== TO DO ==
No picture should appear in the copy. Transcribe exactly, and only, the lines from the one with "Shires ARMA Pro" through the last line of the data below.

== DATA SECTION ==
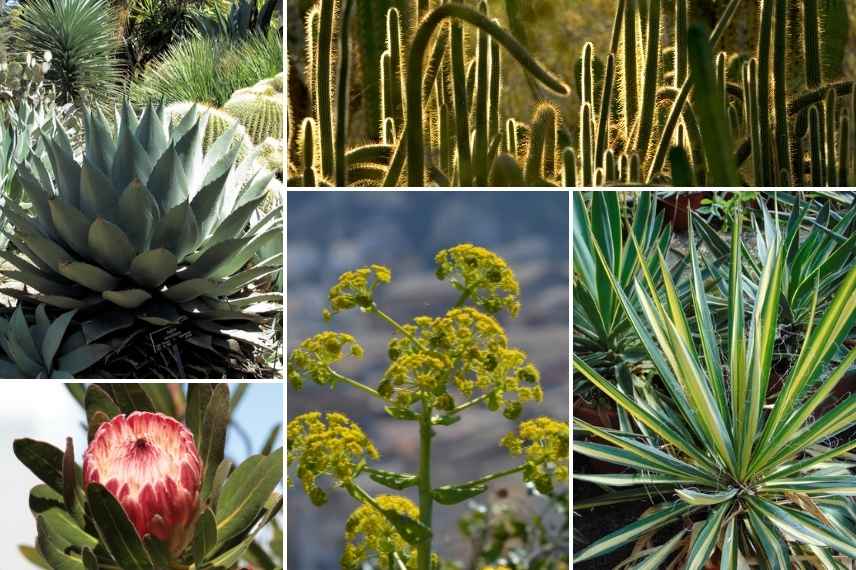 association Agave, Associer Agave, Agave talus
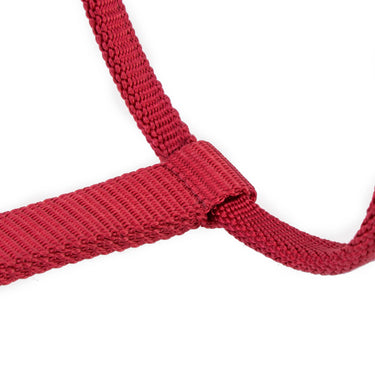 Shires ARMA Pro Padded Headcollar Red| Online For Equine
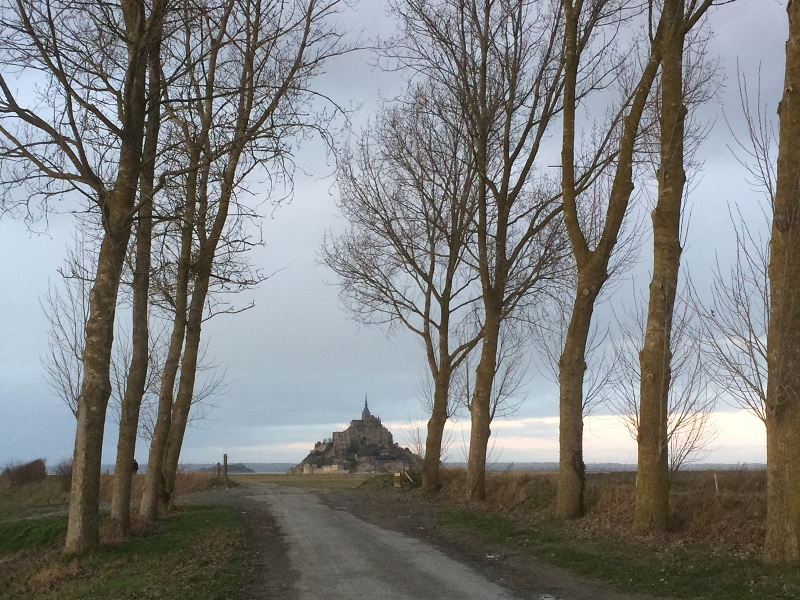 Arbre Etoilé - Myriam - Relaxation et Marche Afghane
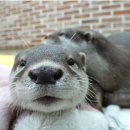 봉희농장 이미지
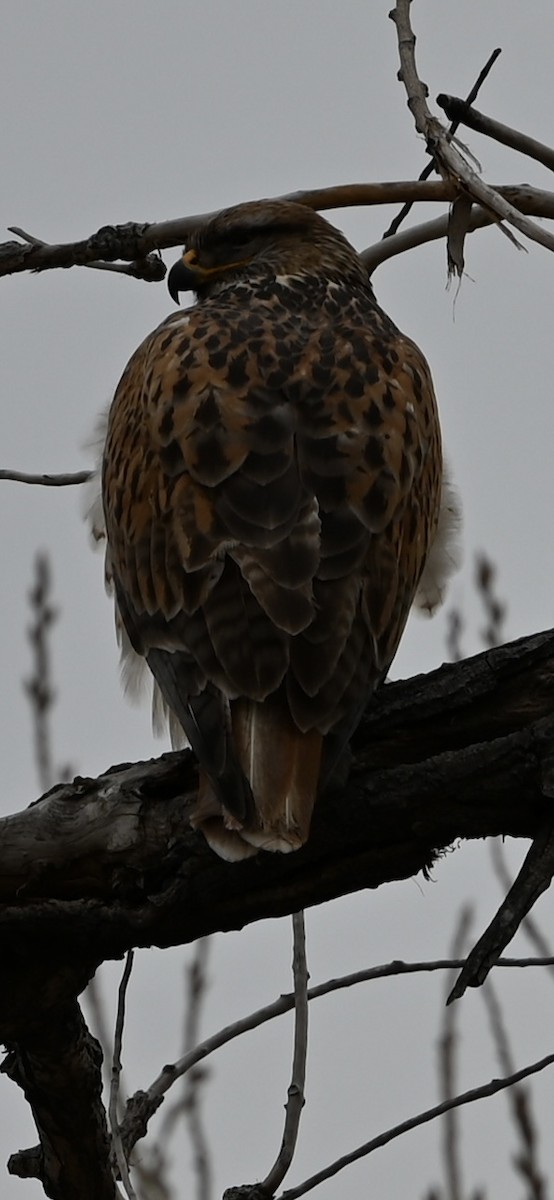 Ferruginous Hawk - ML647666469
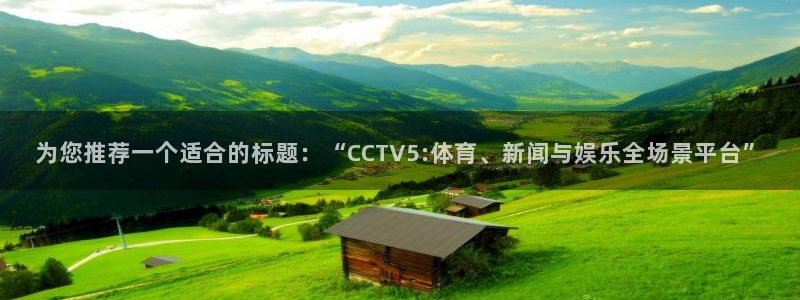为您推荐一个适合的标题：“CCTV5:体育、新闻与娱乐全场景平台”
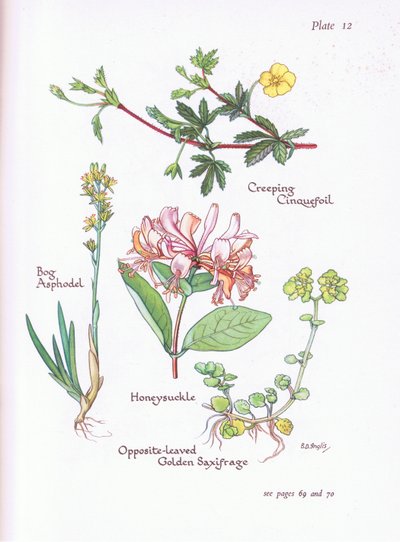 Pięciornik pełzający, Asfodel bagienny, Wiciokrzew lub Wiciokrzew, Naprzeciwko - złoty skalenica liściasta, 1951 autorstwa Bessie D. Inglis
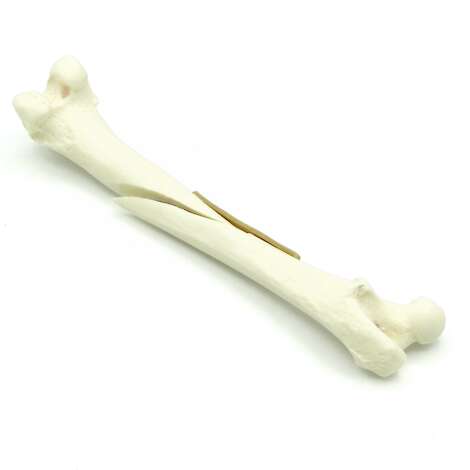 Feline Femur With Long Oblique Fracture (solid)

== RESPONSE ==
 Shires ARMA Pro Padded Headcollar Red| Online For Equine
 Arbre Etoilé - Myriam - Relaxation et Marche Afghane
 봉희농장 이미지
 Ferruginous Hawk - ML647666469
为您推荐一个适合的标题：“CCTV5:体育、新闻与娱乐全场景平台”
 Pięciornik pełzający, Asfodel bagienny, Wiciokrzew lub Wiciokrzew, Naprzeciwko - złoty skalenica liściasta, 1951 autorstwa Bessie D. Inglis
 Feline Femur With Long Oblique Fracture (solid)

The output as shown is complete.